Arthur Macedo, da Pesca Pinheiros, conta que a família já tem diversas propostas para vender a loja, cujo ponto ficará bem na saída da estação Faria Lima quando as obras terminarem.
Segundo a Embraesp (Empresa Brasileira de Estudos de Patrimônio), o metro quadrado residencial na região custa em média R$ 12,5 mil. Em 2006, eram R$ 3.600 –valorização de 247%, sem descontar a inflação. No período, o valor médio na cidade toda subiu de R$ 3.989 para R$ 9.252, alta de 132%.
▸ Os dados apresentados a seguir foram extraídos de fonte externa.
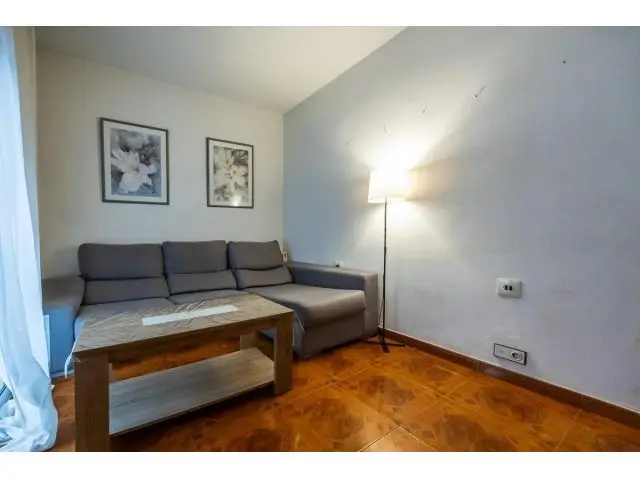 Piso amplio en venta Sabadell 4 habitaciones cerca Parc Catalunya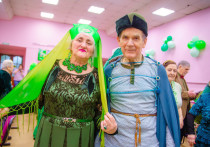 «Сфотографируйте меня тоже, сегодня на мне мое любимое зеленое платье и красный шарфик, который мне очень дорог. А вот эти розочки я связала сама за один вечер», - хвастается своим нарядом хабаровская пенсионерка.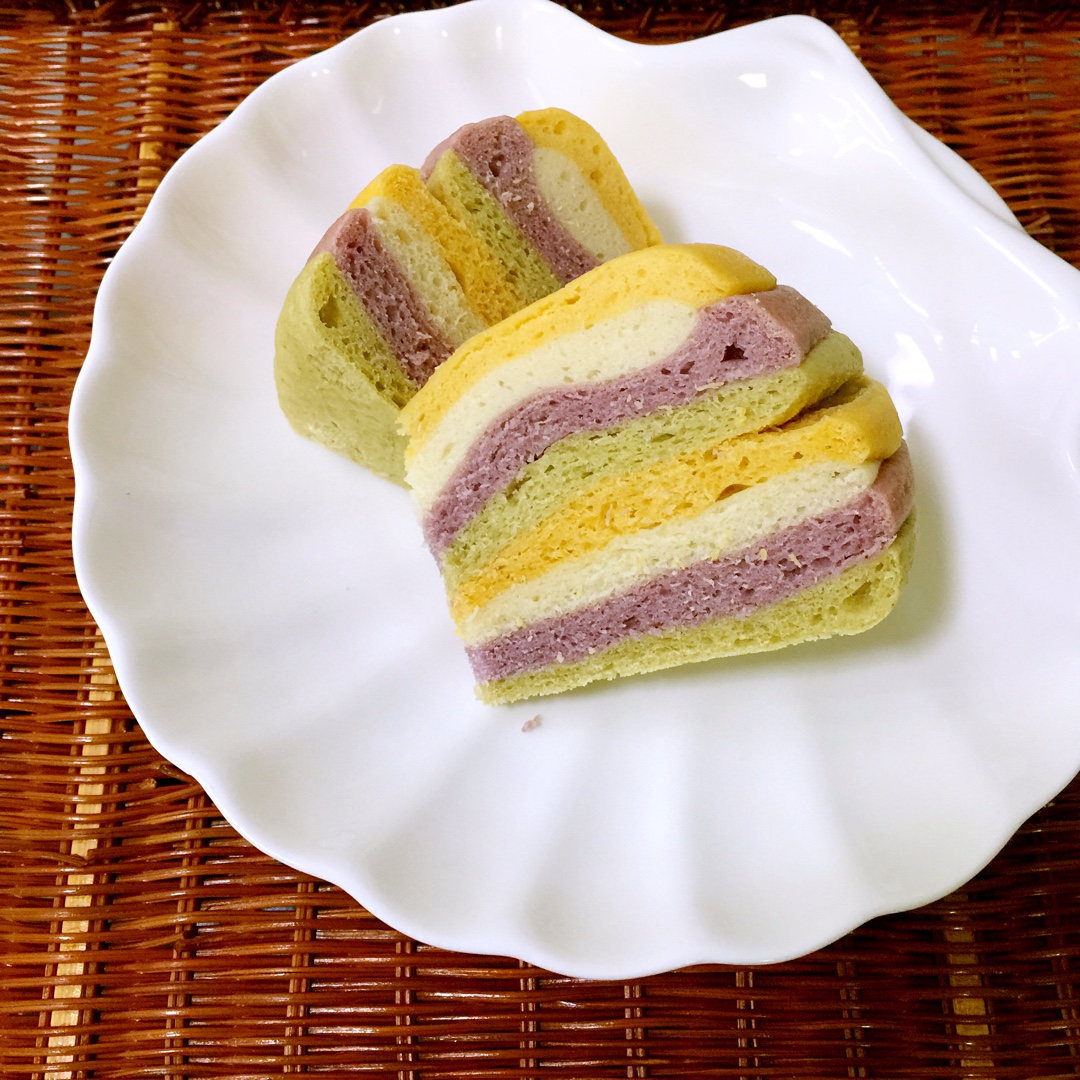 本宫其实很忙哒做的三色发糕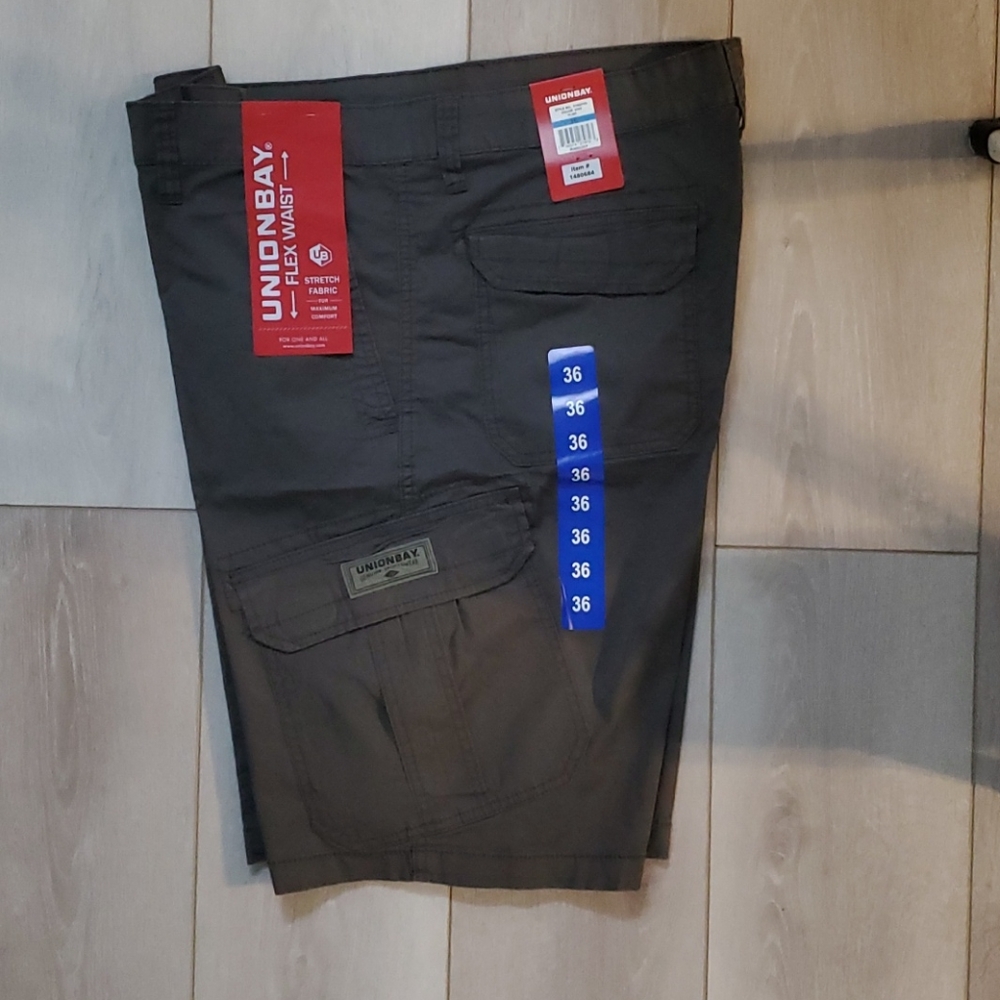 UNIONBAY MEN'S CARGO SHORTS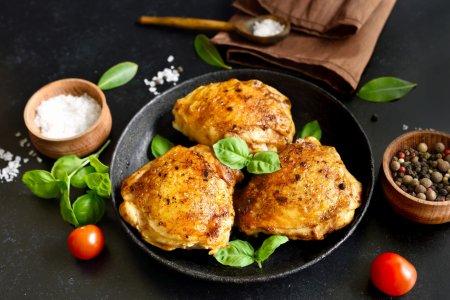 10 recetas saludables con muslos de pollo para variar tu menú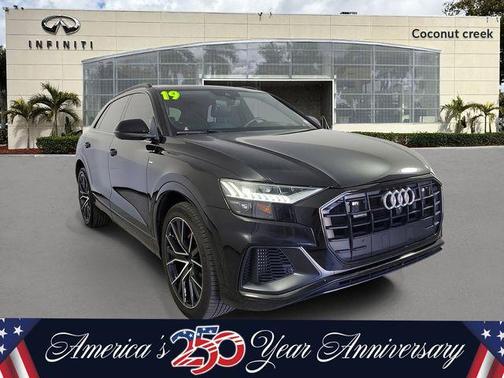 Orca Black Metallic 2019 Audi Q8 3.0T Prestige
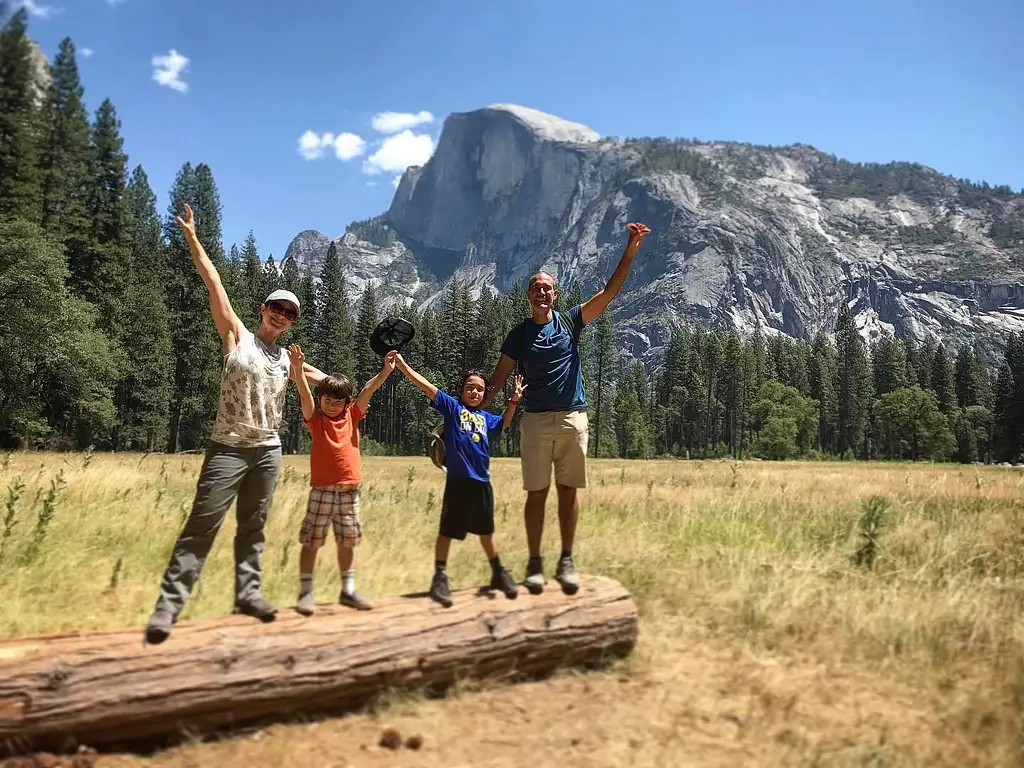 Friday | Sierra Sunset BBQ & Stargazing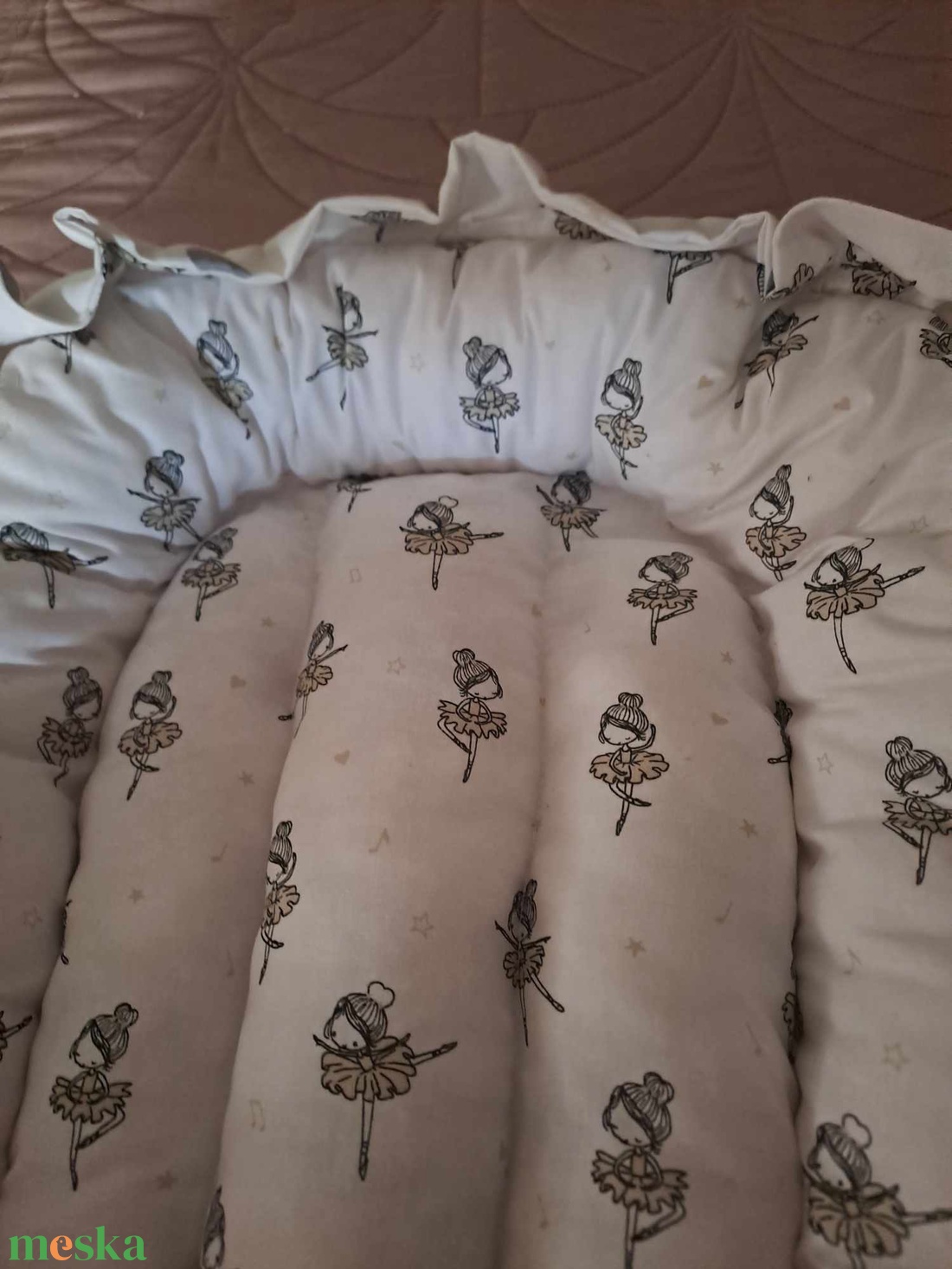 babafekhely, babafészek - otthon & életmód - babaszoba, gyerekszoba - babafészek - Meska.hu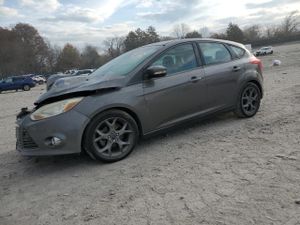 Ford Focus SE 2.0L 4 2014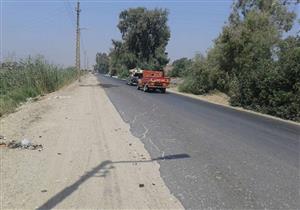 تمهيد وإصلاح طريقين لتكرار الحوادث عليهما بأسيوط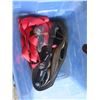 Image 2 : tote of ratchet straps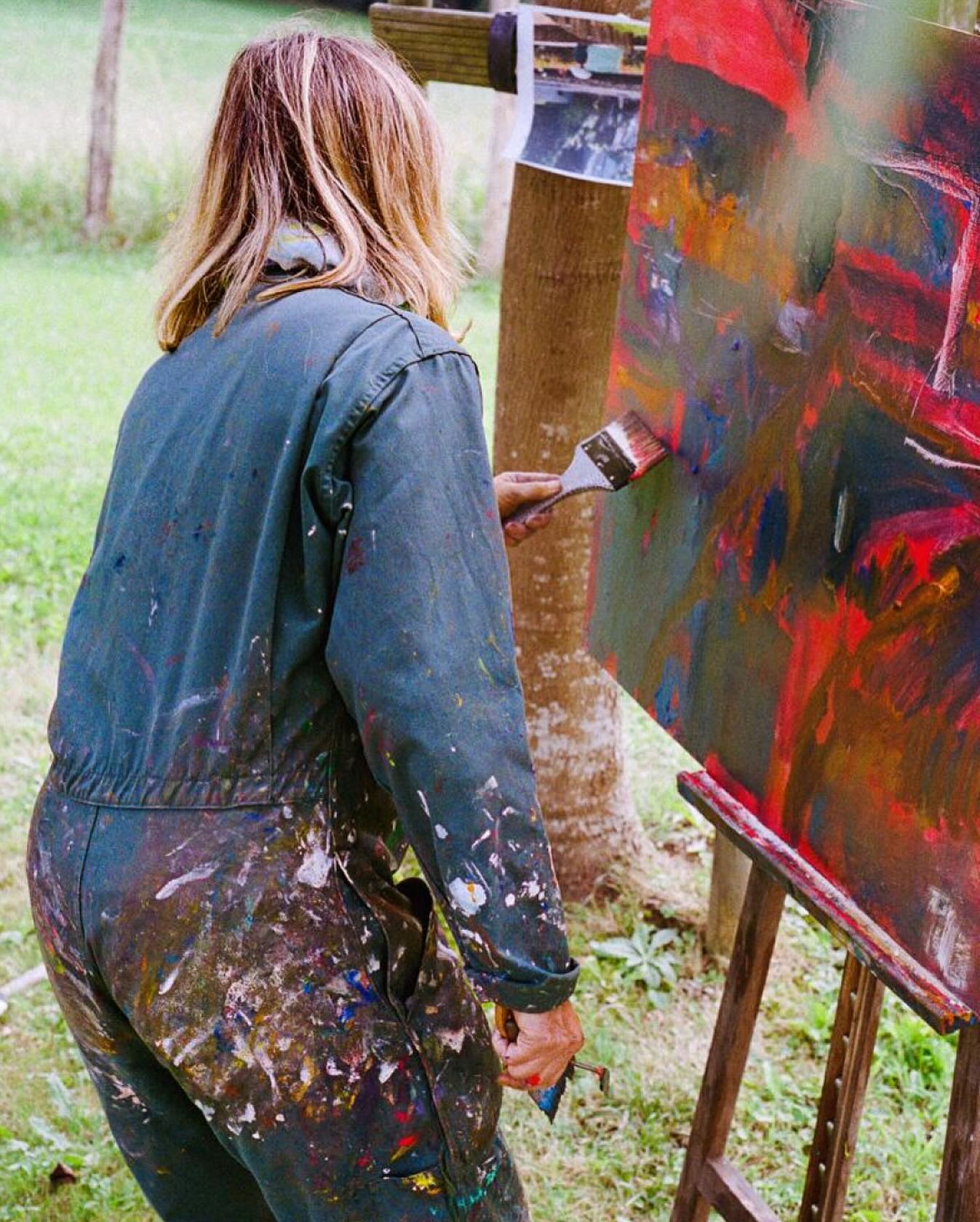 Il y a des jours où peindre, c’est respirer autrement.
Dans le jardin, entre ciel et feuilles, je laisse les couleurs se mêler au vent.
La toile se charge du reste.
Hizelaya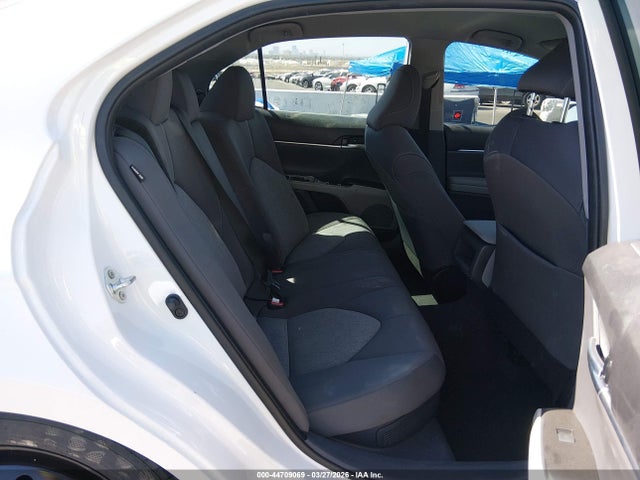 Toyota Camry Le Hybrid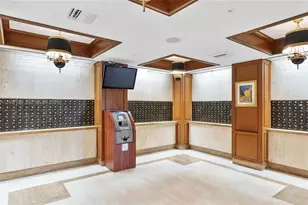 6039 Collins Ave, Miami Beach, FL 33140 - Photo 41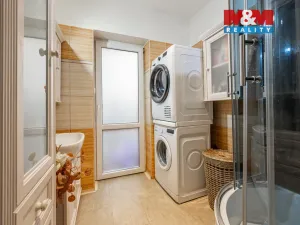 Pronájem bytu 3+kk, Praha - Libeň, Sokolovská, 61 m2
Diversos empreendimentos comerciais e residenciais estão em construção no entorno. Especula-se que um shopping será erguido no terreno ao lado da estação Faria Lima. O Grupo VR, dono da área, não confirma.
DESEQUILÍBRIOS
Outra desvantagem da operação urbana é o desequilíbrio entre moradia e comércio que foi gerado nos bairros Itaim Bibi e Vila Olímpia e que pode se repetir em Pinheiros.
"A região vai perdendo cada vez mais o uso residencial. De dia fica um monte de gente que não mora lá e à noite parece um lugar abandonado", diz a geógrafa Ana Fani Alessandri Carlos, da USP.
Até agora, as áreas comerciais no perímetro da operação se mostraram as mais interessantes para o mercado. Do estoque de metros quadrados para construção de prédios de escritórios, 80% já foram vendidos, enquanto apenas 34% do previsto para residenciais foram consumidos.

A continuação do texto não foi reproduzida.